Advice, given or taken, can be dangerous and probably
ought to be ignored. For the giver, it’s tempting to turn puppet master. If the
advice is ignored, hurt feelings ensue. For the taker, if the result of
following the advice is undesirable – well, hurt feelings ensue. A friend
suggests sharing, instead of advice, “experience, strength and hope.”
On this date, August 2 in 1763, Johnson visited
Boswell in his chambers. The pair had first met less than three months earlier.
Boswell, thirty-one years Johnson’s junior, was flattered to be befriended by
so eminent a man. “He said, that ‘he always felt an inclination to do nothing.’
I observed, that it was strange to think that the most indolent man in Britain
had written the most laborious work, The English Dictionary.”
Johnson takes Boswell to have tea with the blind
poet Anna Williams, one of the lost souls, along with Frank Barber and Dr. Robert Levet, given a home by Johnson. Boswell says of Williams that “though under the
misfortune of having lost her sight, I found to be agreeable in conversation.”
After tea, the pair take a walk. They “sauntered a considerable time” and
Boswell writes:
“I complained to him that my love of London and of
his company was such, that I shrunk almost from the thought of going away even
to travel, which is generally so much desired by young men. He roused me by
manly and spirited conversation.
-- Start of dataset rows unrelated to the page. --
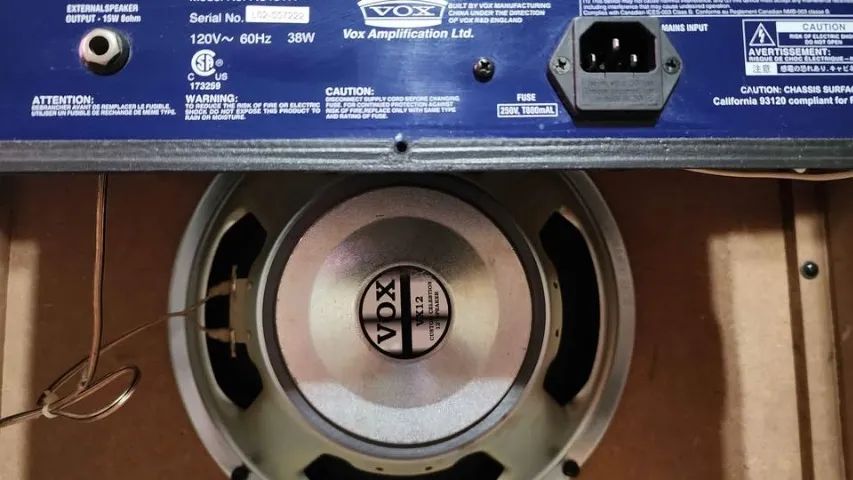 VOX AC15 VR - Foto 3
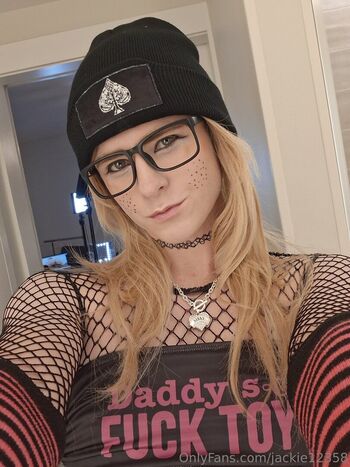 Full leaked Jackie private photo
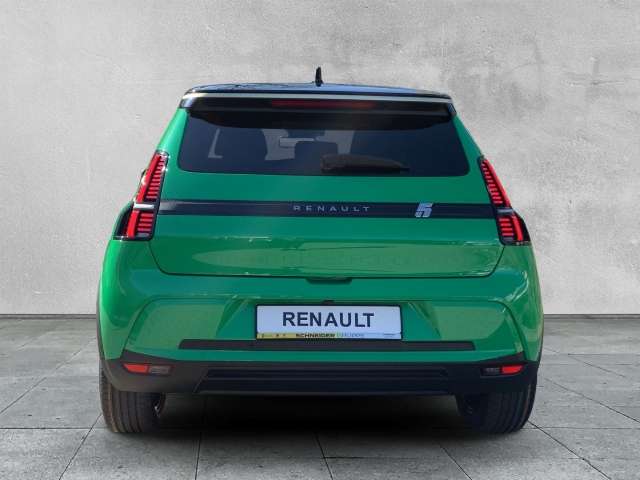 Fahrzeugbild eines Renault 5 E-TECH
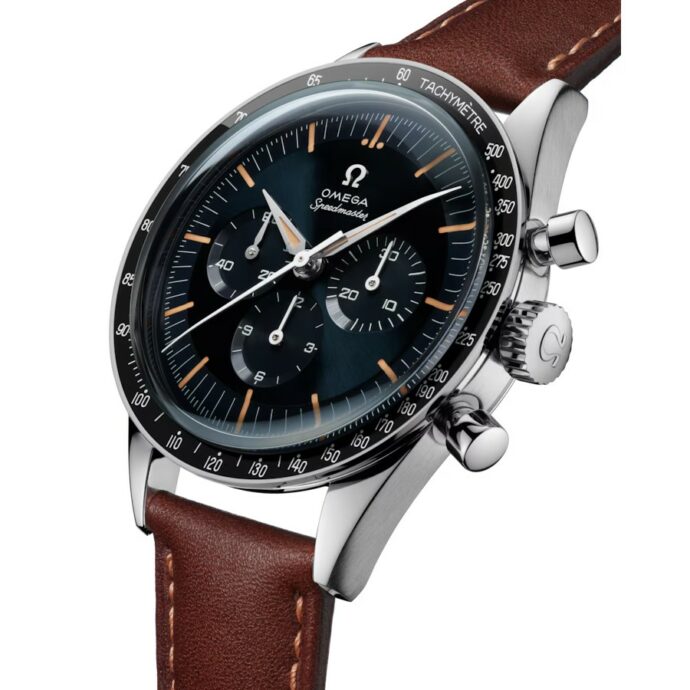 Speedmaster 'First Omega in Space'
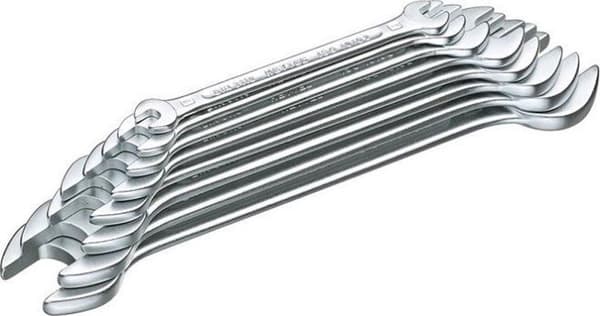 KS TOOLS CLASSIC dobbelt nøglesæt, 8 stk., 6x7-20x22mm (517.0148)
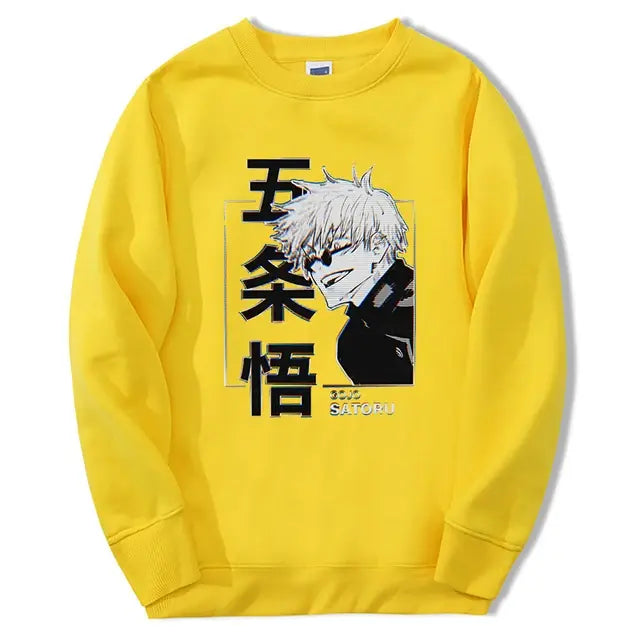 Jujutsu Kaisen Gojo Satoru Sweatshirt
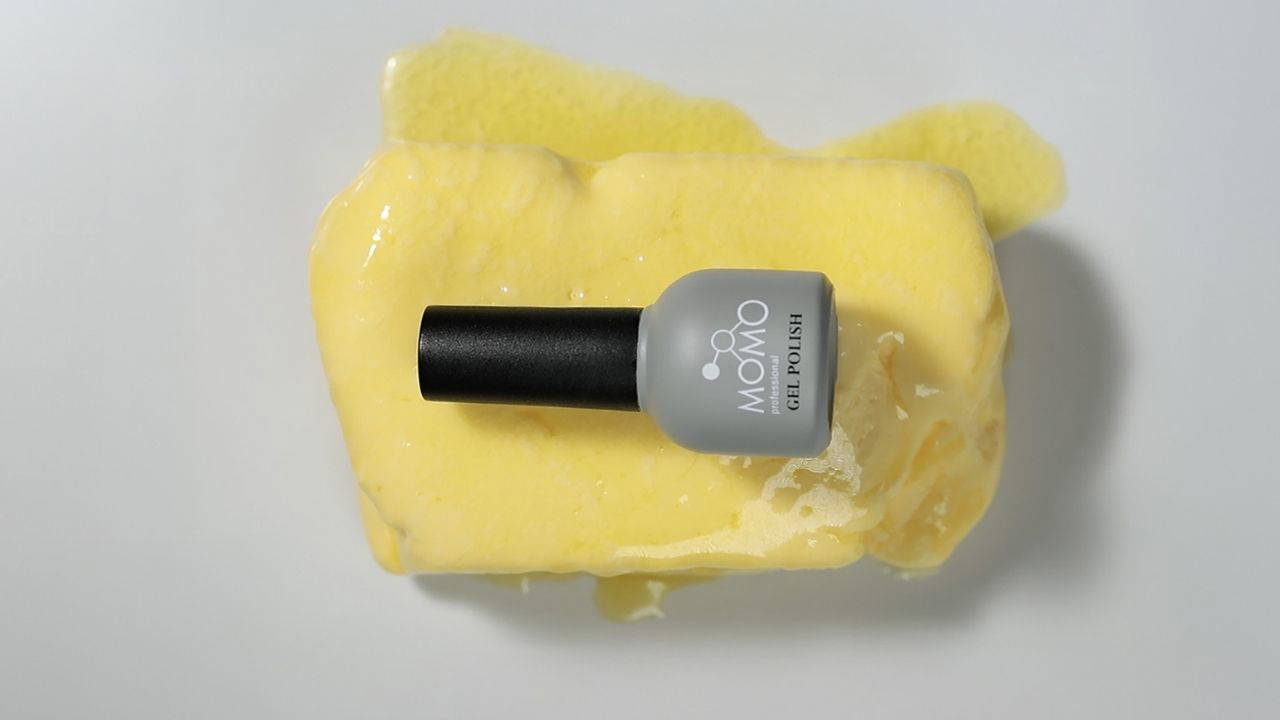 Yılın göz alıcı tonu “Butter Yellow” ile Momo Professional kalıcı ojede trendleri belirliyor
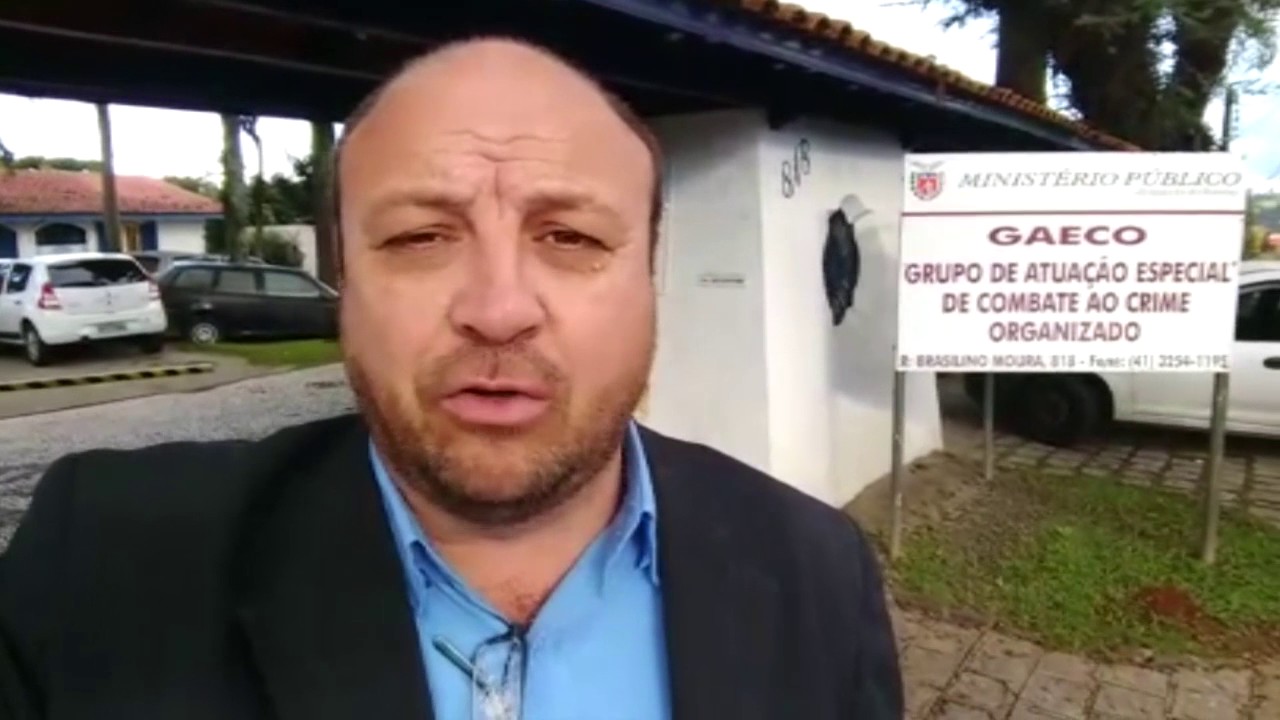 Gaeco investiga alvarás da Secretaria de Urbanismo de Curitiba e descobre trama eleitoral que derrotou Leprevost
He advised me, when settled in any place
abroad, to study with an eagerness after knowledge, and to apply to Greek an
hour every day; and when I was moving about, to read diligently the great book
of mankind.”
Boswell was leaving three days later for Europe, where he would continue his law studies at Utrecht University, as well as his drinking and whoring. He wouldn’t return to England or see Johnson again for two and a half years. Boswell never applied much of Johnson’s advice, but before we join the voices who dismiss him as a drunken wastrel, let’s remember he did compose one of the “great book[s] of mankind.”